Europe’s capital markets are making a great leap forward 

STOCK PHOTO | Image from Freepik

By Marcus Ashworth

THERE’S BEEN a lot of bad weather this year, both actual and economic. Tariffs are coming and going, random Substack posts are making software-company investors panic, and the US is rattling a saber in the Gulf. But none of this is spoiling the springtime vibe in Europe’s credit markets.

Take this week. After a few days of President Donald Trump making the world even more confused about his tariffs and his goals in Iran, the continent’s unflustered corporate-debt buyers were back in business. On Tuesday, 14 different investment-grade and junk-rated companies borrowed money in Europe, illustrating that the market is open to a wide variety of credits with different risks and maturities.

US tech “hyperscalers” — firms such as Alphabet, Inc. who are spending wildly on building data centers — have continued to gatecrash the euro, sterling, and Swiss franc corporate bond markets to become an outsized presence.

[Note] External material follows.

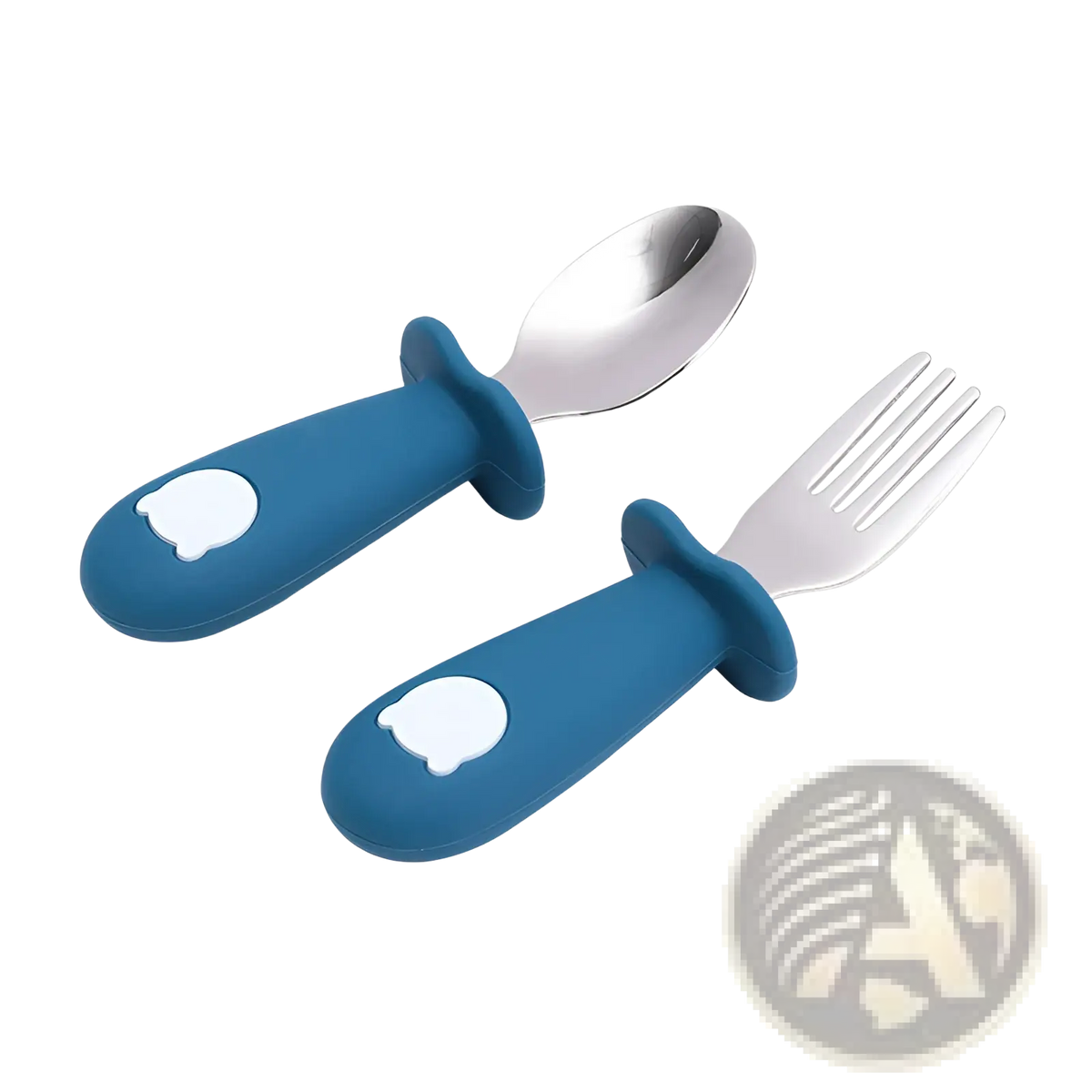 Silicone Baby Spoon and Fork Stainless Steel Cutlery Set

That dynamic is here to stay, according to Bloomberg Intelligence (BI) credit strategists. Last year, a record €143 billion ($169 billion) of investment-grade euro corporate bonds were issued as “reverse Yankees” — market lingo for US borrowers issuing in euros. That was a quarter of all the supply in the common currency, and BI expects that share to rise in 2026.

Other profound changes are at play, too. Whereas US corporate borrowers would once have swapped the proceeds from their foreign bond sales back into dollars, they’ve started holding onto the debt in European currencies. Ostensibly this is to fund local operations, but there’s an element of hedging exposure to the greenback at a time of huge policy uncertainty at the White House.

The European Central Bank has been slow to react. But it’s now taking the opportunity to widen the appeal of holding euros for international investors by offering access to euro funding to central banks around the world. This can be tapped in times of stress, and it promotes global use of the single currency.

Much of the US share of European borrowing comes, of course, from big banks and multinationals with extensive overseas operations. That has helped drive the supply of new corporate and financial bonds denominated in euros as much as 15% higher at the start of this year than in the same period in 2025.

Investment-grade corporate debt is doubly attractive because it has become less volatile than apparently “risk free” government bonds. Persistent overborrowing by countries takes the shine off their debt when comparing it with corporate borrowers with healthier balance sheets (even if their credit ratings are usually lower than a sovereign issuer’s). Credit investing also offers plenty of diversification in terms of different industries and risk profiles.

Even marquee junk-rated US corporates such as Ford Motor Co. are freely borrowing in euros, although American issuers make up much less of the euro high-yield debt market than they did a decade ago.

It helps that yields on euro-denominated corporate debt are on average about 170 basis points lower than for comparable US bonds, making this a cheaper way for American companies to borrow. In exchange, euro investors get access to tech giants with better credit ratings. And the yields are still attractive when you consider this is increasingly single-A and double-A debt, often with longer maturities.

Euro credit markets also look less exposed to the impact of artificial intelligence on legacy software companies. While such businesses account for a large part of lending by US private-capital funds, European junk-rated companies tend to do more boring stuff such as telecoms and manufacturing.

Yields have risen somewhat for European- and UK-listed software providers with outstanding corporate bonds, but after an initial jolt the damage has been relatively contained.

More broadly, euro credit markets are becoming globally important as a conduit for raising plentiful, relatively cheap money for international corporates. Some of this may ebb over time if US interest rates drop and the cost of American corporate debt follows. And yet the depth of Europe’s debt capital markets is undoubtedly improving — something that the continent has been desperate to achieve. Call it de-dollarization if you will. It’s more likely just progress.